For most dancers, retirement is the first death. But PhD graduate Sarah Knox shows that life after working as a professional dancer can be just as rewarding, even transformational.

A woman smiling at the camera in her doctoral regalia.
Sarah Knox's doctoral journey was intertwined with her experiences as a dancer. Photo: Elise Manahan.

When Sarah Knox was just two years old, she already knew she wanted to be a dancer.

“I used to run around the house saying ‘I want to dance! I want to dance!’” Sarah says. “I don’t know where I got the idea from, but what I do know is that I have an innate need to move my body and it made absolute sense to be a dancer.”

By the age of five, Sarah began her formative training in dance, which spurred her professional career. Before she joined the University, Sarah performed with renowned dance companies in Aotearoa, including Footnote New Zealand Dance, Black Grace and the New Zealand Dance Company. Sarah’s dance journey also took her to Japan, and beyond the stage to film and television. After 12 years as a professional dancer, she made the decision to retire.

“There’s a saying that dancers die twice,” says Sarah. “They die when they retire, and when they really die. For many people, being a dancer is their identity.”
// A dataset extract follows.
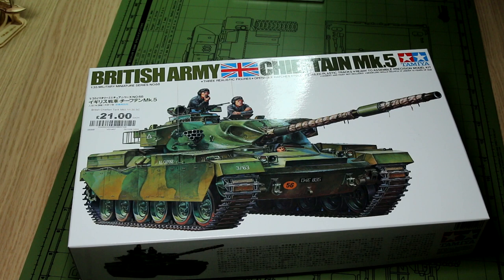Hello guys, welcome back to the channel if you are a regular viewer and welcome if you are a new viewer. After a couple of videos building the Airfix Spitfire, we are back to some armor today.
But even after retirement, Sarah’s dance career lived on, just in a different form. Encouraged by friend and colleague Professor Rosemary Martin, Sarah returned to tertiary education to pursue a postgraduate diploma (PGDip) in dance studies.

“I never planned to teach, and I didn’t want to go to uni to study, but the PGDip totally transformed my life,” she says. “I fell in love with the university setting and the possibility that I could follow my interests.”

After completing her PGDip, Sarah progressed onto a masters degree and taught undergraduate students.

“I love teaching our students,” she says. “They’re full of ideas, both in life and energy. I also like other parts of my role too. I really enjoy doing a bunch of different things – which is why I love working here. I love teaching and I like doing research. And I like administration!” she laughs.

“I’m also able to engage a lot through some of my roles at the university, with recruitment in high school and local studios. I still am involved with the dance community in New Zealand.”

There's a saying that dancers die twice. They die when they retire, and when they really die. For many people, being a dancer is their identity. 

Sarah Knox

Teaching inspired Sarah’s doctoral studies, and although she has taught various facets of Dance Studies, it’s choreography that’s the focus of her PhD.

“In the university context we teach our students how to make choreography as a collaborative process,” explains Sarah. “As educators, it’s very interpersonal, peer to peer and relational between the teacher and student. But through my own experience I quickly learnt student choreography always begins to reflect their identity, and this is where entanglements happen between students’ creative aspirations and personal challenges, curriculum needs, and industry expectations for art making.”

Sarah’s thesis examines the complexities of teaching choreography in tertiary education as well as the role of identity. Supervised by Professor Ralph Buck (Head of Department, Dance Studies) and Dr Rebecca Weber, Sarah interviewed three female choreography educators.

“When interviewing these educators, and through my own experience, I found that female choreography educators are pushed outside the boundaries of teaching and learning,” says Sarah.

“In a way, we’re often positioned by students as mother figures or carers. And then suddenly we’re in the role of counsellor - it doesn’t happen as much in any other type of dance classes. And it’s not isolated to New Zealand.”

For Sarah, the process of writing her thesis was an emotional entanglement, which saw her working full-time in her role as a lecturer while also studying part-time.

“You don’t stop life while you’re doing a PhD,” she says wisely, “Your PhD isn’t this separate thing that happens in over there in parallel – it’s another tangle with life! I couldn’t have done it with the support of my supervisor Ralph Buck and my family. You really need that support.”

While her thesis is complete now and made it onto the Dean’s List for exceptional research, the journey itself was life changing. During her studies, Sarah became a mum. She also faced tragic losses.

“I lost my father early on in my doctoral journey, and later my partner’s parents also passed away. It feels like my thesis is haunted by these people who have been incredibly supportive throughout my dance journey, so it’s quite a big deal for me to graduate, and I know they would be really proud of me.”

When Sarah handed in her thesis, she remembers feeling a great sense of relief, as well as thoughts of ‘where to next?’

Now that she’s had a bit more time to reflect on the next chapter of her life, she’s gearing up for further research, with her PhD serving as a solid foundation.

“There are elements of my doctoral research that feel really meaningful in regard to the state of the world at the moment and how we support young people to actually be together,” says Sarah.

“That's always been what has driven my research – how do we support people to understand each other? How do we support people to be together? That’s what I care about the most and these questions, in the context of dance, remain a focus for my ongoing research.”